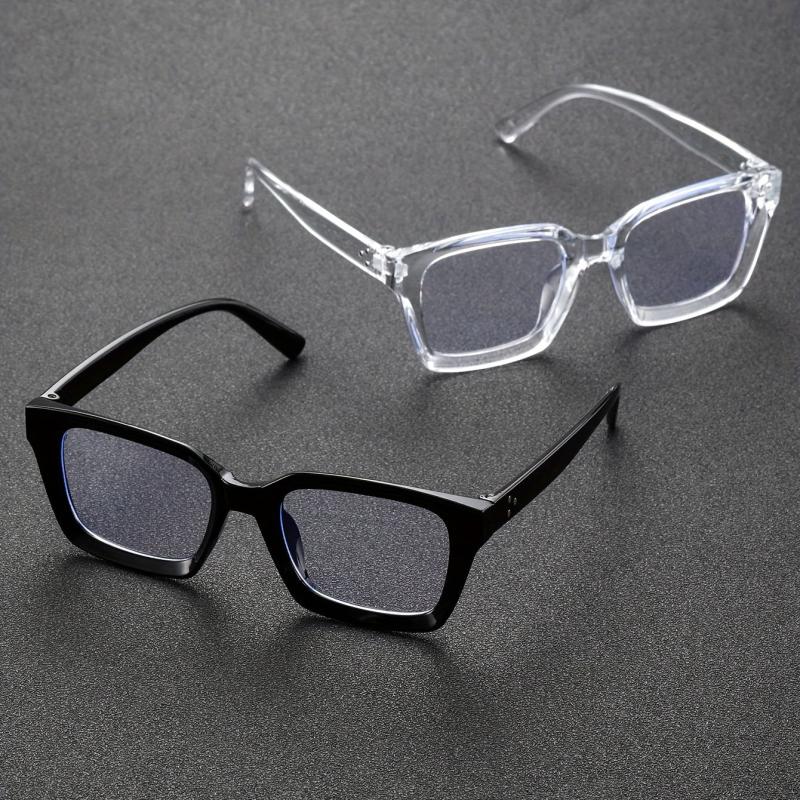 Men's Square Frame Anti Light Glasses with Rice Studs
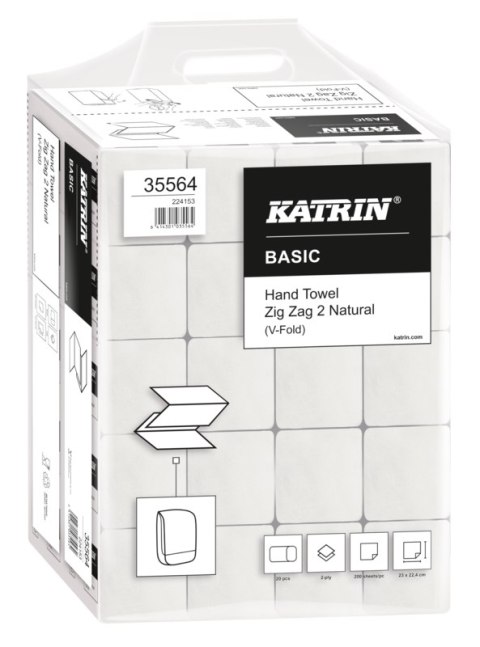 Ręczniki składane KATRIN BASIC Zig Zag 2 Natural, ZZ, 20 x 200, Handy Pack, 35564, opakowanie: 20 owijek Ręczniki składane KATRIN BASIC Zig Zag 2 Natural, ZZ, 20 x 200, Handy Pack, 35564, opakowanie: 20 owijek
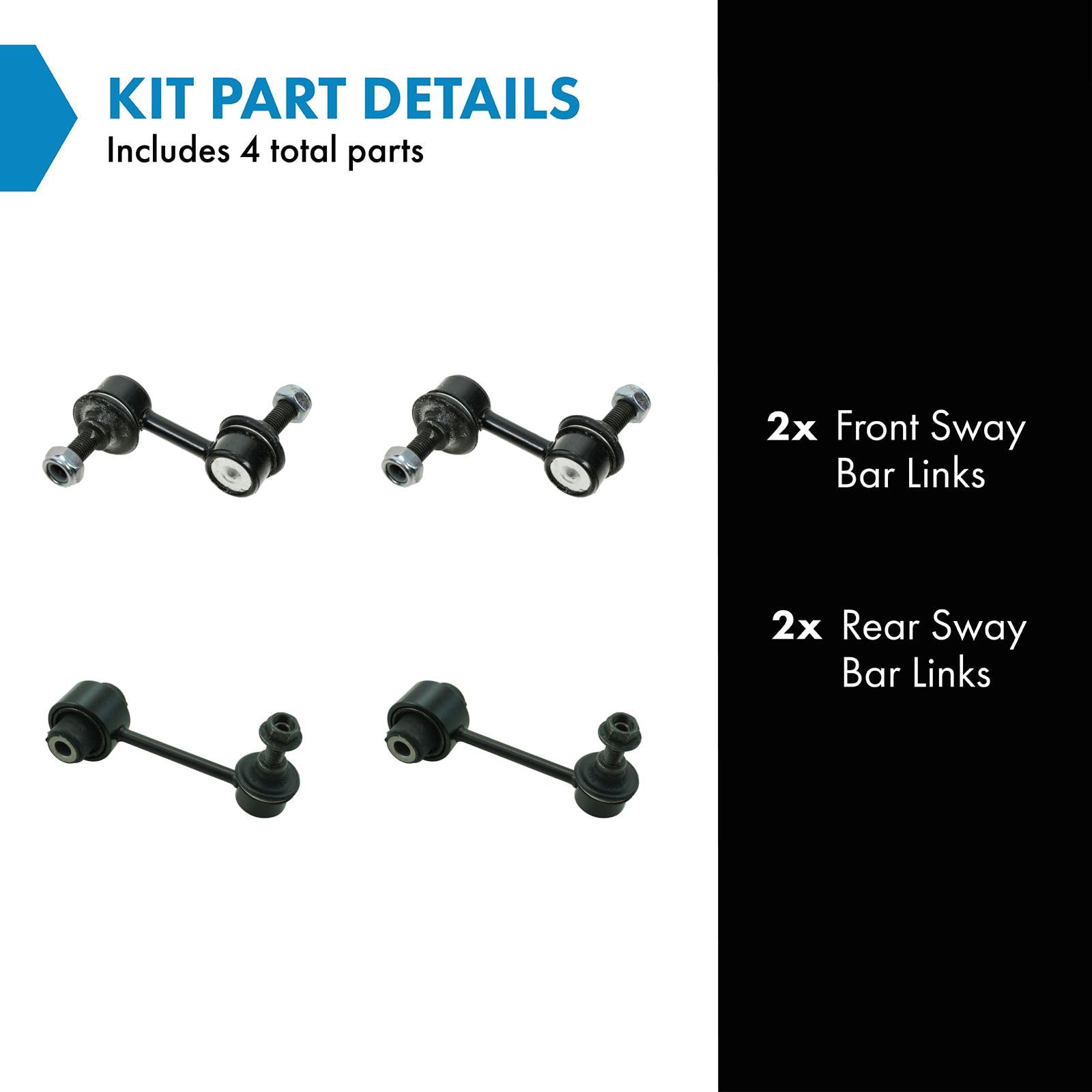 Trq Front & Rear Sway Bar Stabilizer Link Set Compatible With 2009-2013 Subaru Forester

**EXERCISE GOAL:**
Starting at the line that contains "20 owijek Ręczniki", output every line through the end of the data, both ends included, and nothing else; pictures stay out.

**SOLUTION TO THE PROBLEM:**
 Ręczniki składane KATRIN BASIC Zig Zag 2 Natural, ZZ, 20 x 200, Handy Pack, 35564, opakowanie: 20 owijek Ręczniki składane KATRIN BASIC Zig Zag 2 Natural, ZZ, 20 x 200, Handy Pack, 35564, opakowanie: 20 owijek
 Trq Front & Rear Sway Bar Stabilizer Link Set Compatible With 2009-2013 Subaru Forester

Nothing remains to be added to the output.